Мой лунный друг (Гиппиус) - страница 25

Я встаю, мне нужно выходить.

– Прощайте,- говорит Блок.- Благодарю вас, что вы подали мне руку.

– Общественно – между нами взорваны мосты. Вы знаете. Никогда… Но лично… как мы были прежде…

Я опять протягиваю ему руку, стоя перед ним, опять он наклоняет желтое, больное лицо свое, медленно целует руку, «благодарю вас»…- и я на пыльной мостовой, а вагон проплывает мимо, и еще вижу на площадку вышедшего за мой Блока, различаю темную на нем… да, темно-синюю рубашку…

И все. Это был конец. Наша последняя встреча на земле.

Великая радость в том, что я хочу прибавить.

Мои глаза не видали Блока последних лет; но есть два-три человека, глазам которых я верю, как своим собственным. Потому верю, что они, такие же друзья Блока, как и я, относились к «горестному падению» его с той же болью, как и я.
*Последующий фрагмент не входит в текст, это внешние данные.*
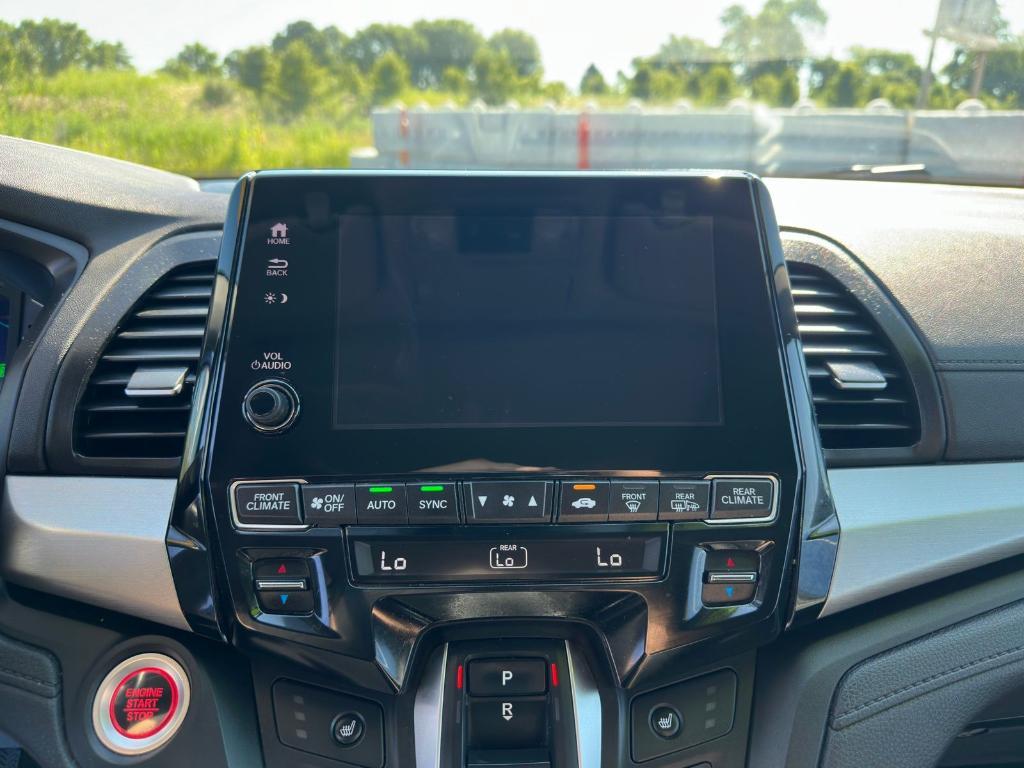 used 2023 Honda Odyssey car, priced at $35,000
Один из них, по природе не менее Блока верный и правдивый, даже упрекнул меня сурово за посылку ему моих «Последних стихов»:

– Зачем вы это сделали?

И вот я ограничиваю себя – намеренно – только непреложными свидетельствами этих людей, только тем, что видели и слышали они.

А видели они – медленное восстание Блока, как бы духовное его воскресение, победный конец трагедии. Из глубины своего падения он, поднимаясь, достиг даже той высоты, которой не достигали, может быть, и не падавшие, остававшиеся твердыми и зрячими. Но Блок, прозрев, увидев лицо тех, кто оскорбляет, унижает и губит его Возлюбленную – его Россию,- уже не мог не идти до конца.

Есть ли из нас один, самый зрячий, самый непримиримый, кто не знает за собой, в петербургском плену, хоть тени компромисса, просьбы за кого-нибудь Горькому, что ли, кто не едал корки соломенной из вражьих рук? Я – знаю. И вкус этой корки – пайка проклятого – знаю. И хруст денег советских, полученных за ненужные переводы никому не нужных романов,- тоже знаю.

А вот Блок, в последние годы свои, уже отрекся от всего. Он совсем замолчал, не говорил почти ни с кем, ни слова. Поэму свою «12» – возненавидел, не терпел, чтоб о ней упоминали при нем. Пока были силы – уезжал из Петербурга до первой станции, там где-то проводил целый день, возвращался, молчал. Знал, что умирает. Но – говорили – он ничего не хотел принимать из рук убийц. Родные, когда он уже не вставал с постели, должны были обманывать его. Он буквально задыхался; и задохнулся.

Подробностей не коснусь. Когда-нибудь, в свое время, они будут известны. Довольно сказать здесь, что страданьем великим и смертью он искупил не только всякую свою вольную и невольную вину, но, может быть, отчасти позор и грех России.